In 1928, Zhang Zuolin, a former bandit turned warlord, controlled Manchuria, commanded 300,000 troops, and negotiated with the Japanese as an equal.

The Paradox

What he didn’t have:

  • No formal education
  • No democratic mandate
  • No legal authority over the territory he governed

What he did have:

  • Nearly two decades of sustained power
  • Control of one of Asia’s most resource-rich, strategically contested regions

His secret wasn’t military dominance. It was incentive alignment.

The Core Insight

The Fengtian clique operated less like a traditional government and more like a decentralized syndicate. The mechanisms he used reveal something fundamental about how power actually works when formal authority doesn’t exist.

Authority ≠ power. This is the lesson.


The Bandit Who Became a State

Zhang Zuolin started as a common criminal, leading a bandit gang in rural Liaoning in the 1890s.

The Key Insight

He understood something most outlaws didn’t: legitimacy is cheaper than violence.

The Rise:

  • 1902: Appointed local militia commander (offered services to Qing dynasty instead of fighting)
  • 1916: Military governor of Fengtian province
  • 1926: Controlled Beijing itself
Fengtian clique soldiers
Fengtian clique soldiers

How did a bandit with no formal training, no aristocratic lineage, and no ideological movement build a coalition powerful enough to challenge the Republic of China?

The Strategy

He didn’t try to own everything. He gave everyone a piece.


The Structure of the Fengtian Clique

The Fengtian clique wasn’t a hierarchy—it was a coalition of independent operators bound by mutual interest.

Zhang’s Inner Circle

Five Key Players

  1. Wu Junsheng — Governor of Heilongjiang, controlled the northern railways
  2. Tang Yulin — Governor of Rehe, secured the Mongolian frontier
  3. Zhang Xueliang — Zhang’s son, commanded the air force and modernized units
  4. Yang Yuting — Chief of staff, managed Japanese relations and arms procurement
  5. Japanese Kwantung Army officers — Provided loans, weapons, and intelligence in exchange for economic concessions

None of these actors worked for Zhang in the traditional sense. They were allies with aligned incentives.

Why Autonomy Worked

Wu Junsheng controlled railways → Zhang couldn’t micromanage logistics across Manchuria’s vast territory

Tang Yulin held Rehe → He had the local tribal relationships Zhang didn’t

Yang Yuting handled Japanese negotiations → Zhang needed plausible deniability

Each actor had autonomy in their domain. But they all benefited from the collective’s strength.

The Incentive Structure

  • Rival warlord invades → Wu’s railways threatened
  • Japanese loans dry up → Yang’s modernization projects stalled
  • Zhang falls → Everyone loses their positions

The coalition persisted not because Zhang could enforce compliance, but because defection was expensive.

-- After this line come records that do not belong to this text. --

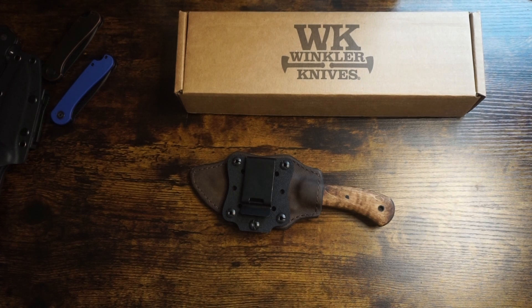Hey guys, what's going on? EDC Blades here. Thanks for joining me. Today I'm very excited to do an unboxing and my initial review of another Winkler fixed blade — the Winkler Crusher.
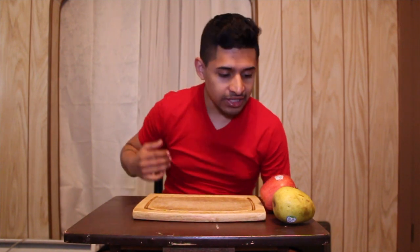Welcome back guys to my channel. Today I'm gonna tell you guys how to cut fruit with a prosthetic hand. Let's go and do it.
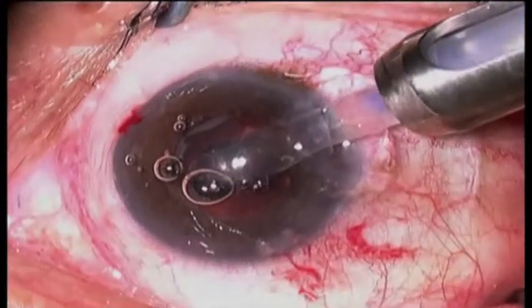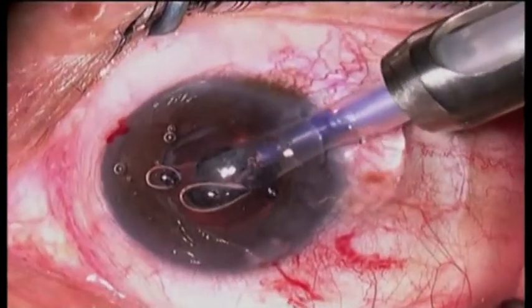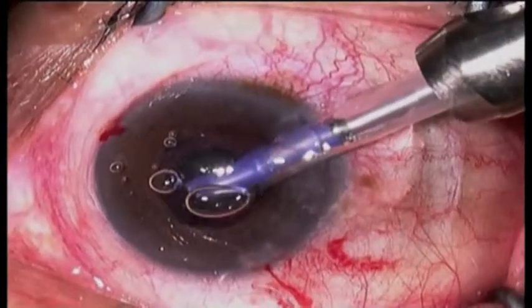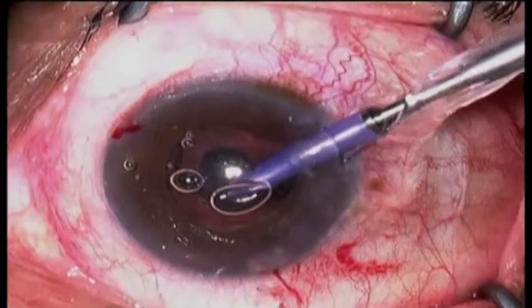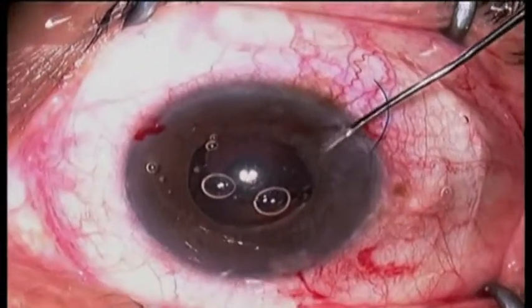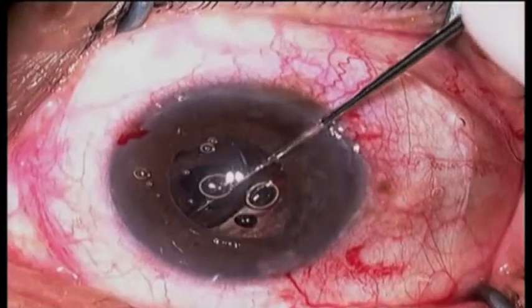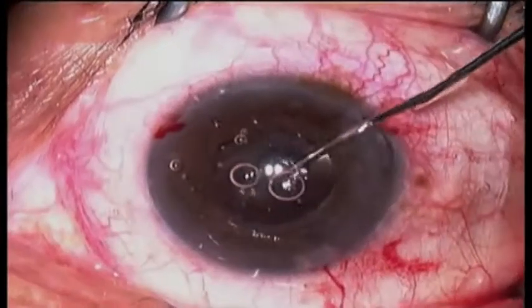Now we're able to put the implant — a Tecnis three-piece silicone lens — in the ciliary sulcus. I felt that this would be less likely to cause iris chafing and pigment dispersion than the acrylic implant that had been in there previously. Also, we had placed a monofocal implant in the other eye, and the patient expressed a preference for the monofocal implant over the multifocal.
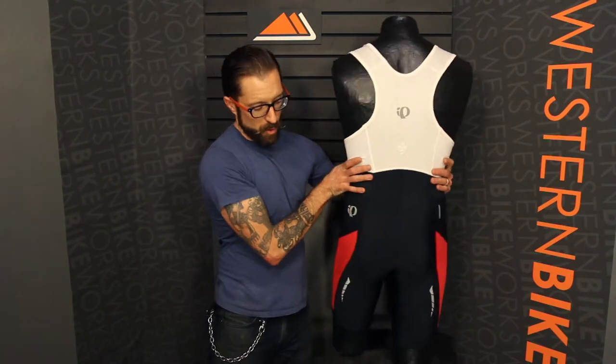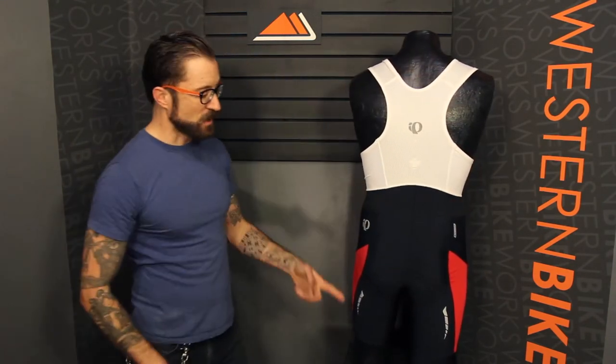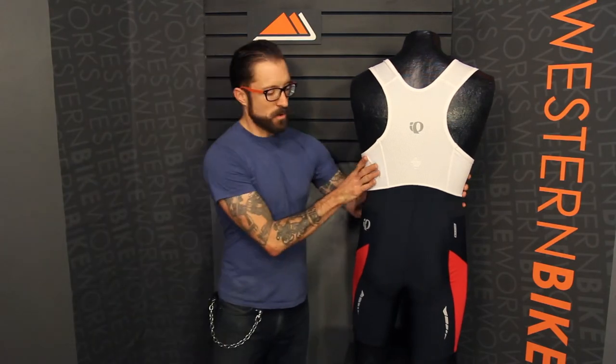We'll turn this around — they've incorporated reflective accents on the leg and the Pearl Izumi logo on the side of the short as well for improved visibility. Great short, $134.99 is the MSRP, available in a rainbow of colors. Any questions on this or anything else, give us a call or visit us at westernbikeworks.com.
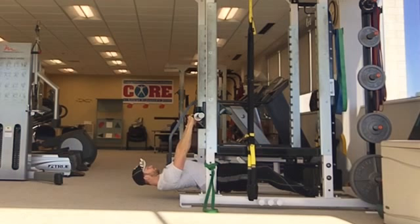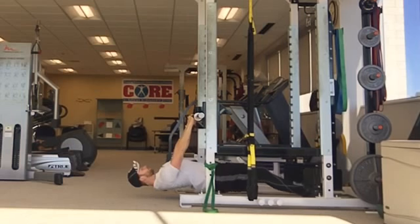Squeeze your glutes, draw your belly button in towards your spine, and pinch your shoulder blades back together. While keeping your torso rigid and legs straight, pull your chest up to the barbell.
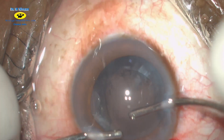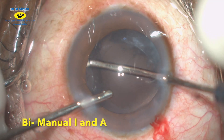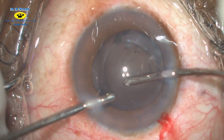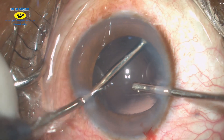Using bimanual irrigation, the cortical remnants are carefully removed. Since these cases don't have much cortex, irrigation-aspiration should be done very gently. The ports are changed and the remnant cortex is removed.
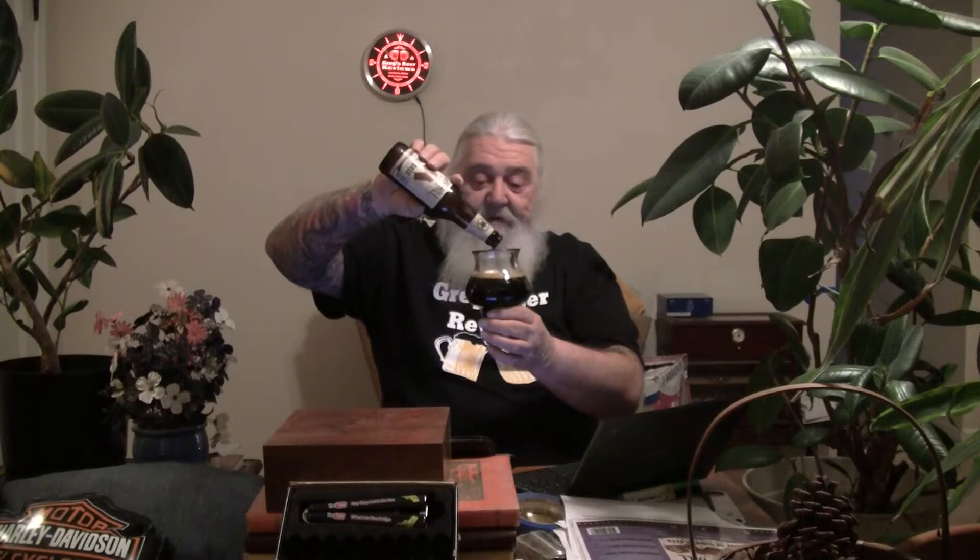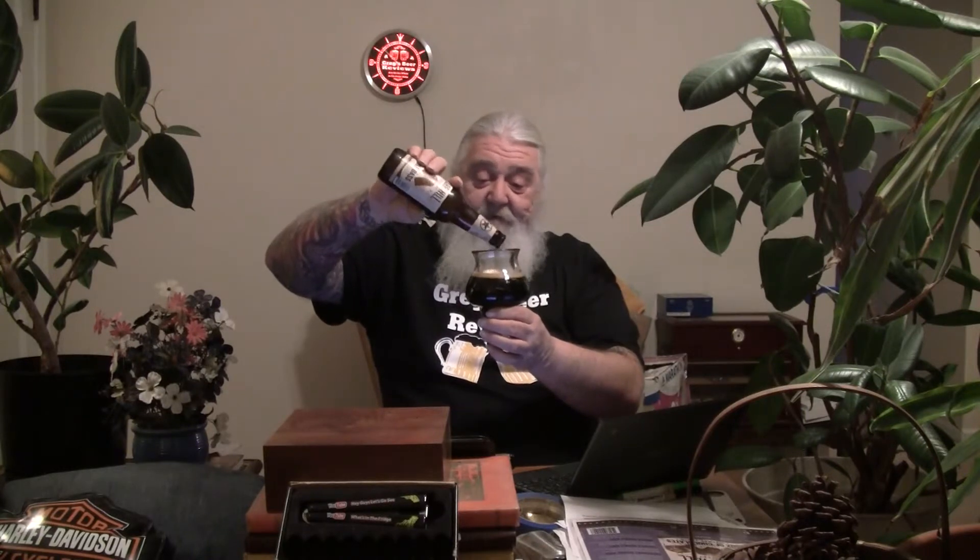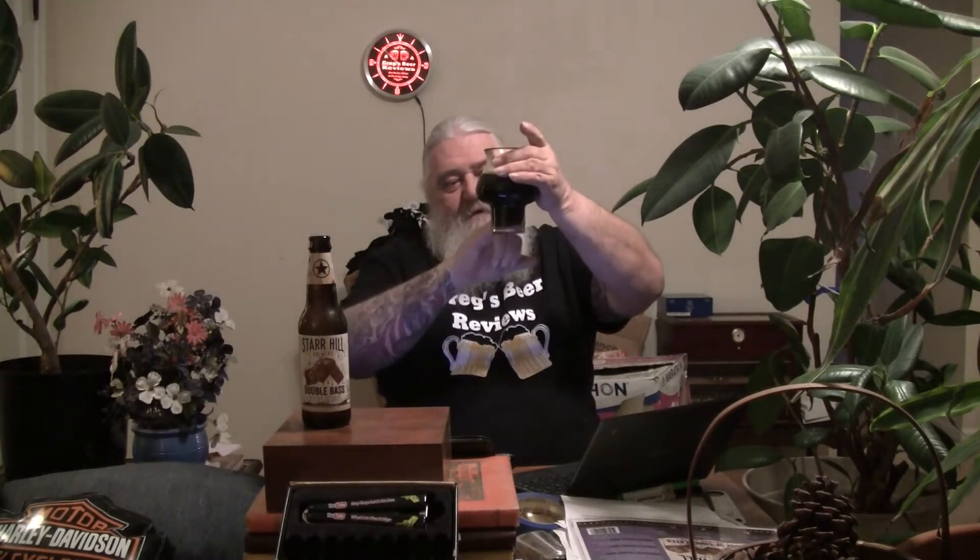Just like the peppermint and the regular double base, it doesn't pour much of a head. If it were a 10, 11, or 12 percenter, I'd see more — big ABV beers a lot of times don't pour a lot of head. The carbonation is a little lacking as far as I'm concerned. Over in the light, it's pretty much the same malt base — a little bit of red, ruby, mahogany color on the thin part of the glass. Looks very similar to the other two I've done so far.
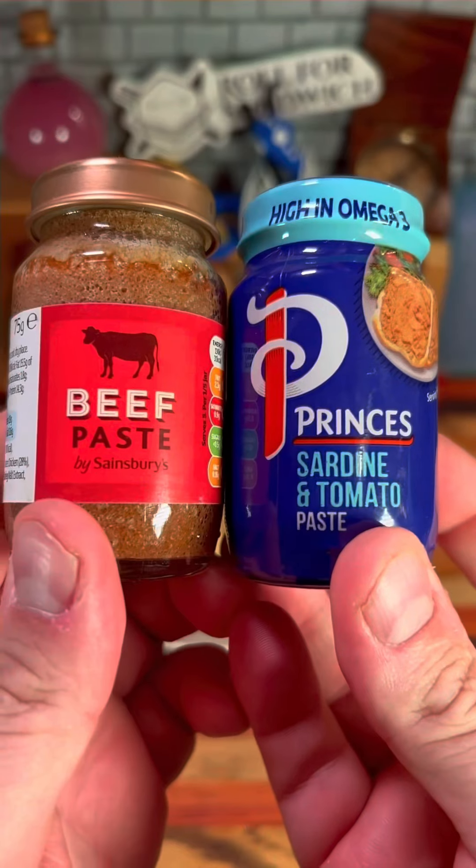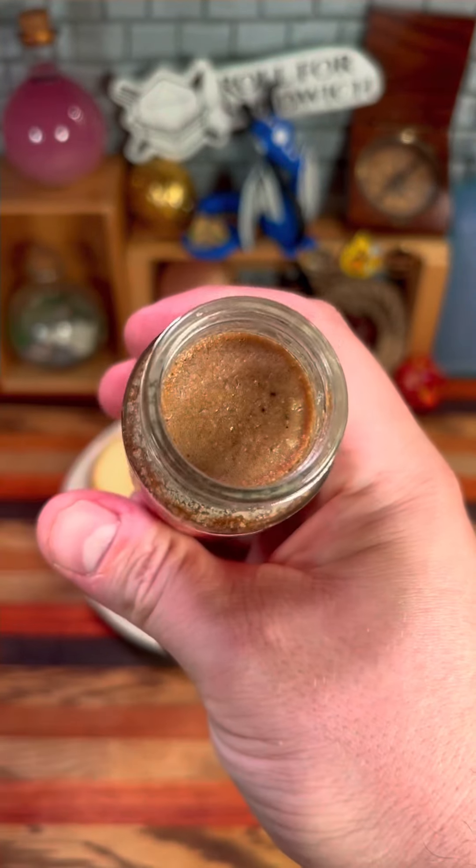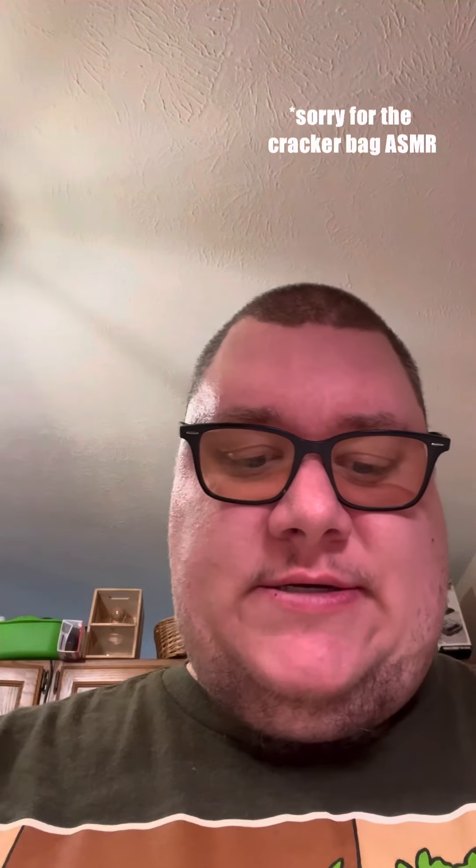Pastemageddon! We're finishing off all these random UK meat pastes — like ripping off a band-aid, doing it all at once. I'll try to give these ingredients a fair shake. I have just opened this and have not yet tried the sandwich, but I need to determine how it tastes by itself.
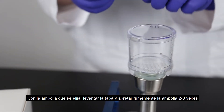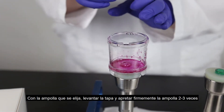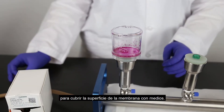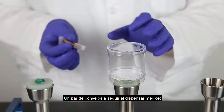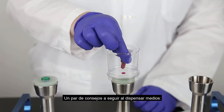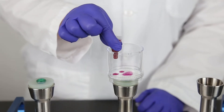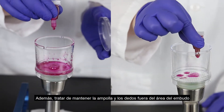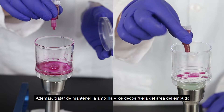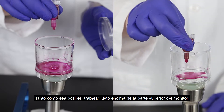Using your ampule of choice, lift the lid and firmly squeeze the ampule 2–3 times to cover the surface of the membrane and media. Here are a couple of tips when dispensing media: do not drip the media across the membrane and do not touch the membrane with the ampule tip. Also, try to keep the ampule and your fingers out of the funnel area as much as possible, working just over the top of the monitor.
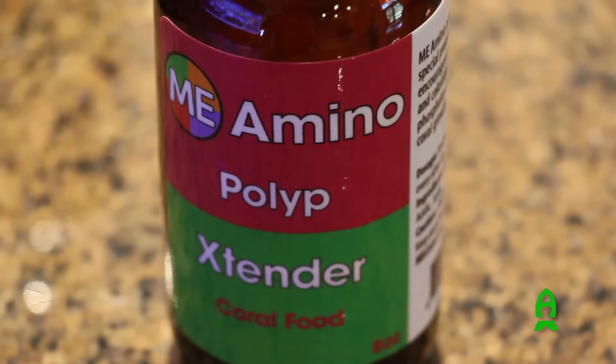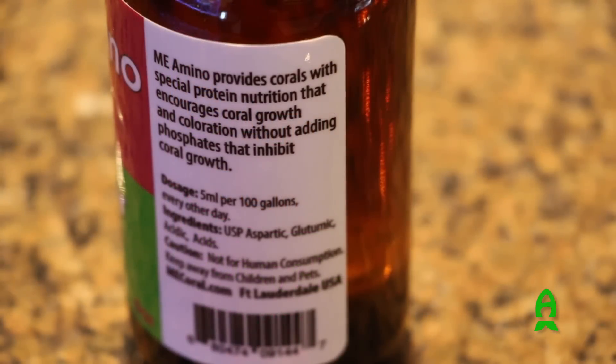Hello, everybody. Welcome back. This is Mark Eskenazi with ME Coral. Today I'd like to take an opportunity to share with you a little bit about the ME Coral Aminos. A lot of people have been talking about it, mainly because it's recently been introduced a few weeks ago. I want to explain what makes ME Coral different, why we need aminos, what we should do, and what's going on.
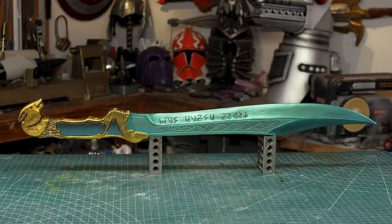Hello, I'm Odin, and today I'm going to make another new prop from the Loki television series. It's the variant Loki — well, don't call her that — it's Sylvie's sword.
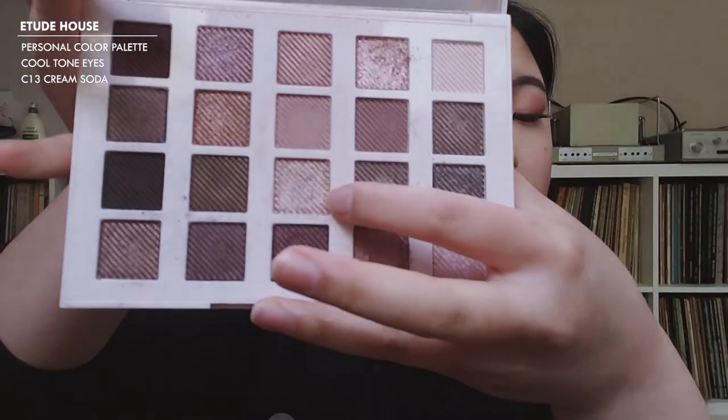I've never tried this highlight before. I don't want to use the same opal highlight I've been using since it has such a golden undertone, and this look is very plummy. So I'm going to try C13 Cream Soda and lightly apply that, hoping it reads as a highlight.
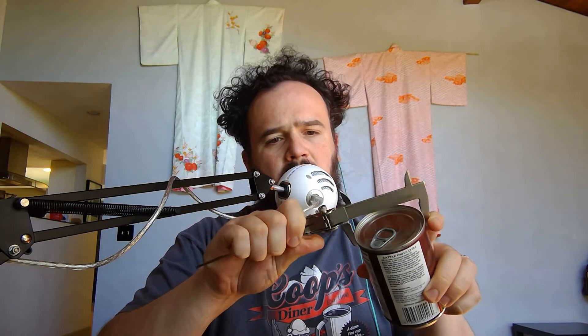Then I have a tin can. These are not all the same, but you can see how big this tin can is. This is a chili can and it's a little bit bigger than the soda can. It's coming in at 75 millimeters.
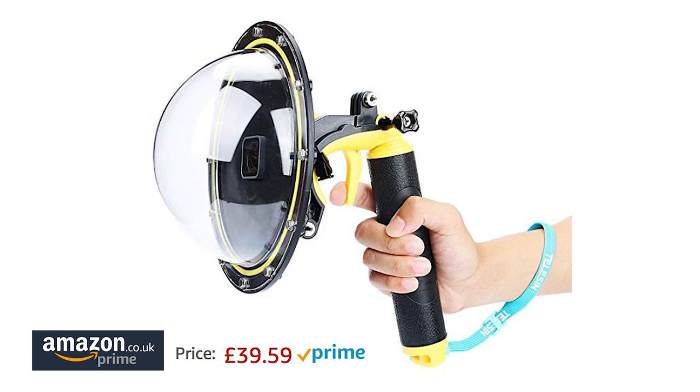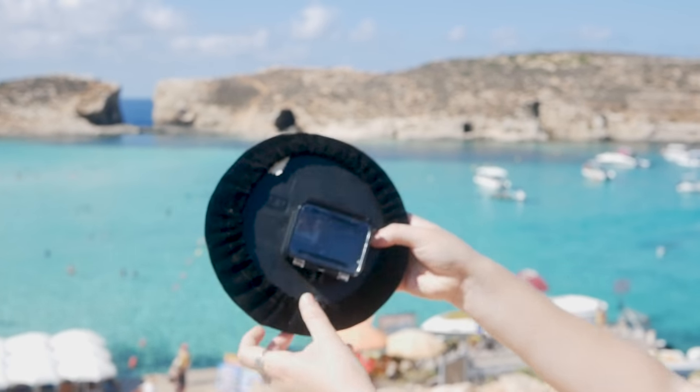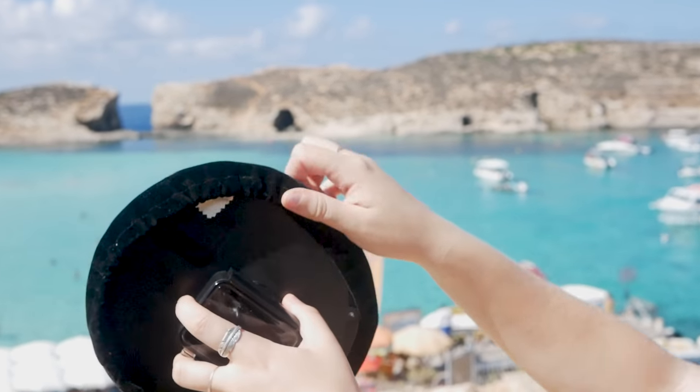Today I'll be using my Telesyn dome — the price for that is just here and you can get it from Amazon. Here is the dome; it comes with a protective bag and also a cloth to help clean the dome.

The Economics of Warlord Loyalty

Zhang’s core mechanism was resource distribution, not command-and-control.

1. Revenue Sharing

Manchuria’s wealth came from:

  • Railway tariffs (controlled by Wu Junsheng)
  • Opium trade (regulated but taxed heavily)
  • Salt monopolies (distributed among governors)
  • Japanese loans (secured through Yang Yuting)
  • Agricultural taxes (collected locally, split with the center)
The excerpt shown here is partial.